ただ実際に働いているとやはり、職場ではいろんな人がいます。私はゲイなのですが、入社当初は、飲み会の席上では「彼女いないの?」というのはよく聞かれました。実際付き合っている人がいなかったので、そのまま「いない」、と答えると、合コンやキャバクラとかの誘いも多くて困りました。そのため、「いる」と答えるように変えたら、今度は「どんな彼女なの?」「夏休みはどこかいくの?」「写真見せて」というような話もあって、どちらもかわすのがちょっと厄介でした。

同僚のみなさんも基本的に良い人が多いですし、いわゆる悪気があるわけではないので、ちょっと厄介という程度で、親しくコミュニケーションは取っています。

ただ、このような環境では、会社としていくら取り組みをしていても、職場でカミングアウトをするというのは、あまり考えられないです。あからさまの差別はないと思いますが、好奇の目はありそうな気もします。

仕事自体は採用がメイン業務ですが、とても面白くやりがいを感じています。もっと経験を積んでスキルアップをしたいと考えていました。

ところが昨年からの新型コロナウィルスによって状況が変わりました。実は、私自身は今は、同性のパートナーがいて、一緒に暮らしているのですが、これに関しては会社には何も言っていないので、難しくなっている面があります。

コロナによって、採用業務も含めてオンラインやテレワークが増えていて、自宅からオンライン会議などもします。パートナーが家にいるときにオンライン会議をする場合には、うまくやりくりしてパートナーの存在を隠すようにしています。問題は、コロナ対策です。同居の家族が感染もしくは濃厚接触者になった場合には、会社に届け出なければいけないという社内通達があります。

それは確かに、感染拡大防止のためには当然、必要な措置だとは思います。一方で自分自身のことを考えると、同性パートナーの存在が言えていないので、パートナーが感染した場合に、会社にどう報告をすべきか迷っています。自分も感染するリスクもあるし、黙っているわけにもいかないですが、カミングアウトもできないので、答えが出ない状況です。

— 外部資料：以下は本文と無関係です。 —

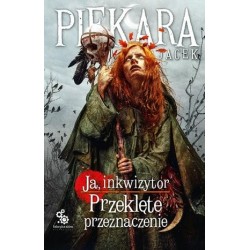 Ja, inkwizytor. Przeklęte...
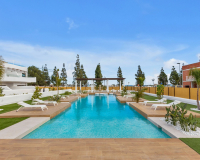 Nueva construcción  - Apartamento - Los Alcázares  - Los Alcázares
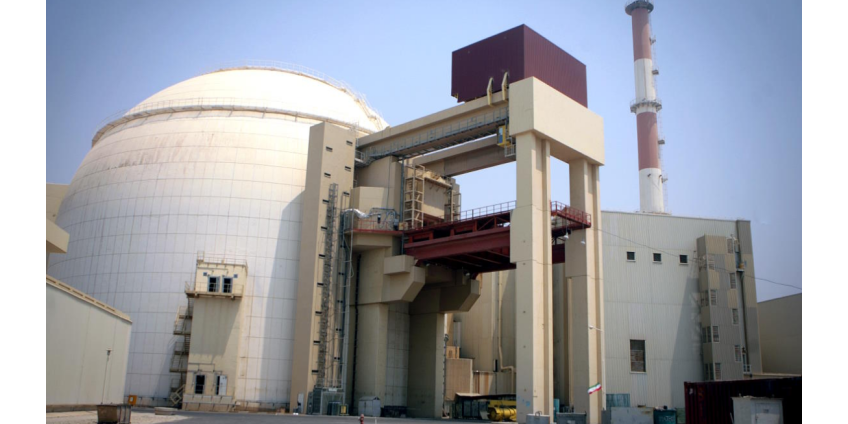 Стало известно об обнаружении в Иране обогащенного до 84% урана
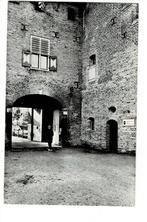 Doorwerth, ingang Airborne Museum, Verzamelen, Ansichtkaarten | Nederland, Ophalen of Verzenden, Ongelopen, Gelderland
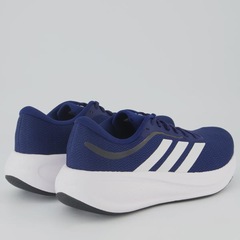 Tênis Masculino Adidas Response Runner 2 - Foto 3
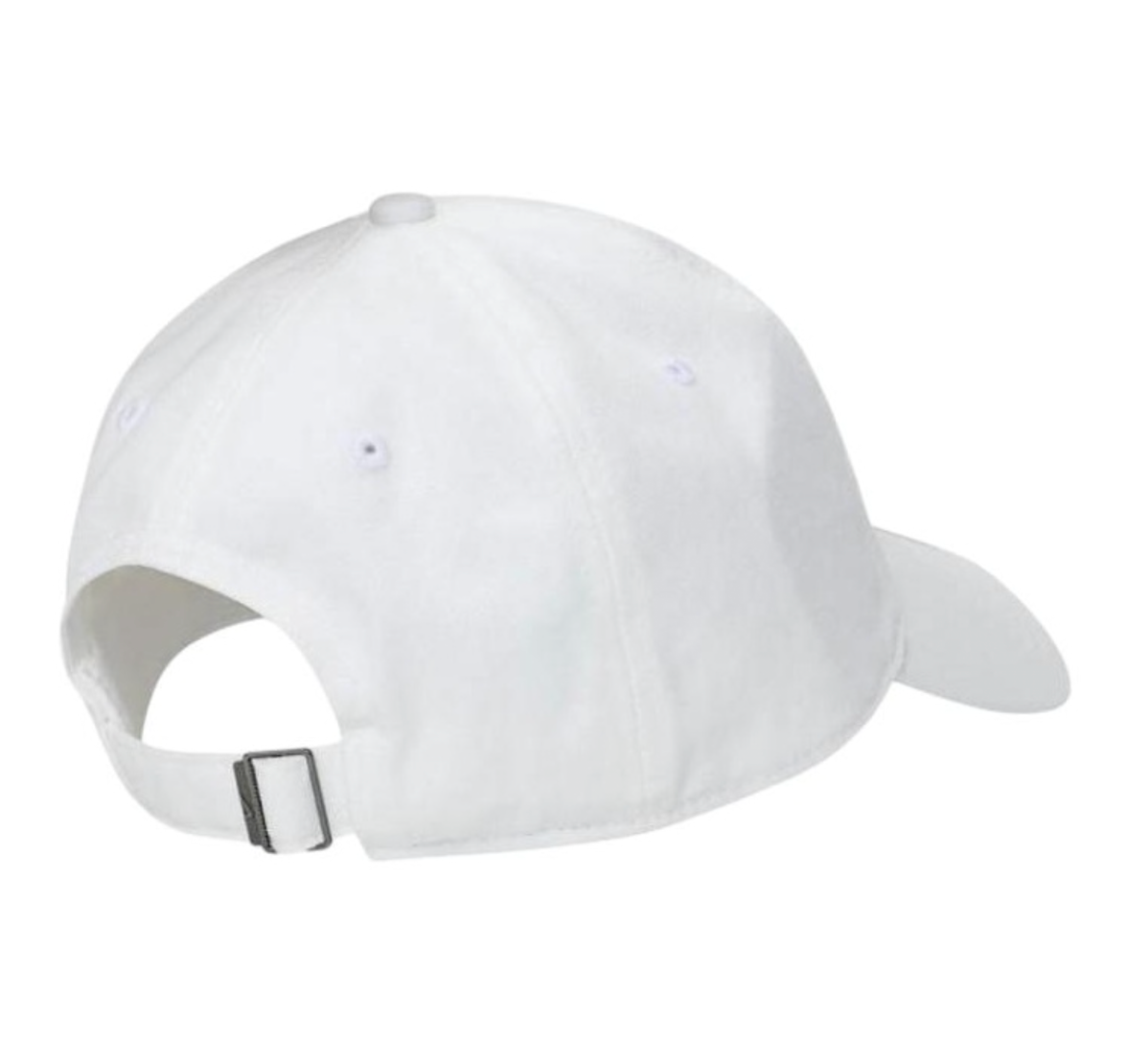 Nike Club CHBL Cap 'White Black' IF0209-100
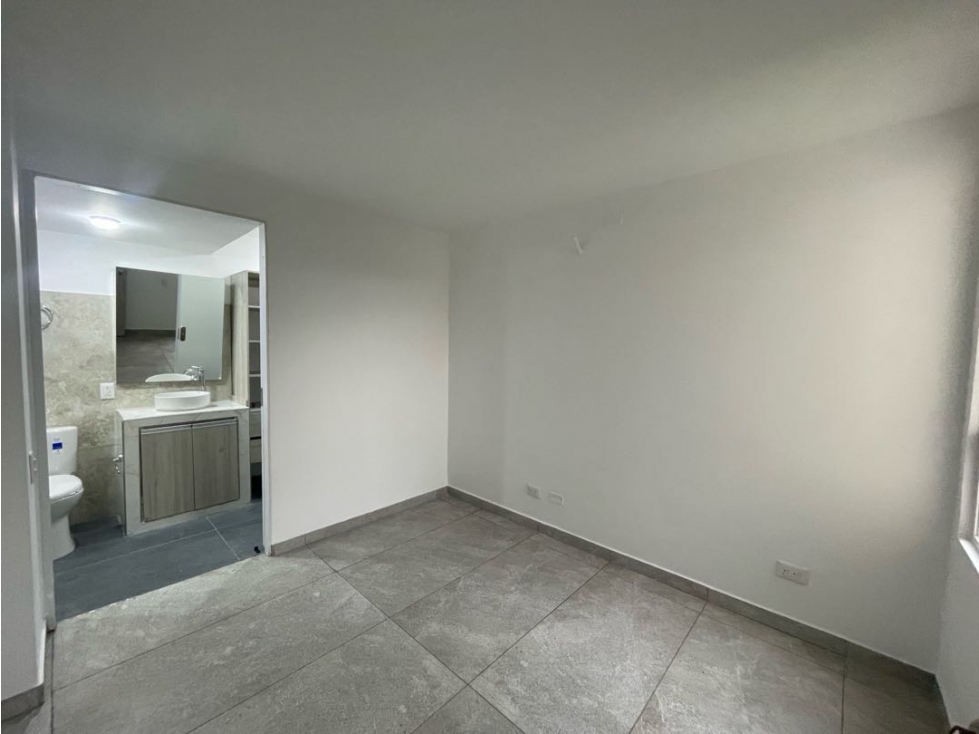 APARTAMENTO EN ALQUILER GIRASOLES PARQUE VIVERO 60 M2 2HB 1P CALI SUR — foto 4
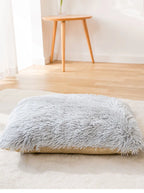 Medium Dog Kennel Bed – Soft Removable Winter Puppy House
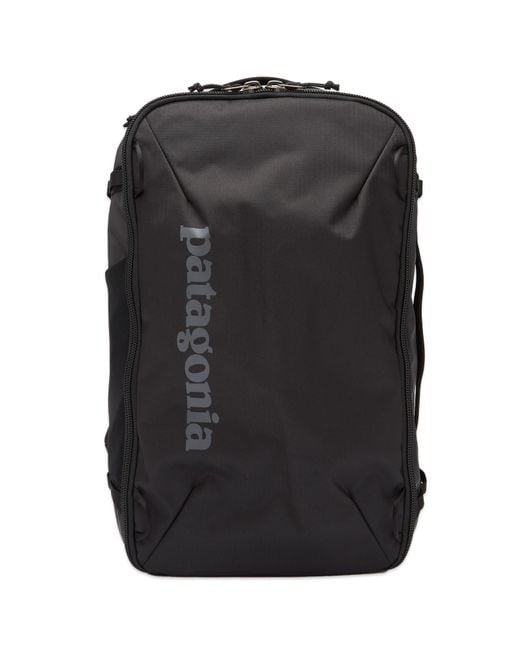 Patagonia Black Hole Mini Mlc Backpack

そんなことなら、カミングアウトを働ける職場に転職するのもありかなと、ちょっと考えています。

Mさんが勤務している会社は、会社としてはLGBT取り組みを少しずつ進めていますし、おそらく人事部の上司はたぶん、カミングアウトをしても変な感じにはならないだろうと、Mさん自身もおっしゃっています。しかし、社内で実際にカミングアウトをして働いている人もほとんどおらず、社内でのこれまでの同僚とのやり取りとか考えるとやはり心配があるとのことです。仕事自体はとても面白くやりがいがあるとのことなので、セクシュアリティに関して社内で、もっと相談しやすいと解決できる課題もあるのかと思います。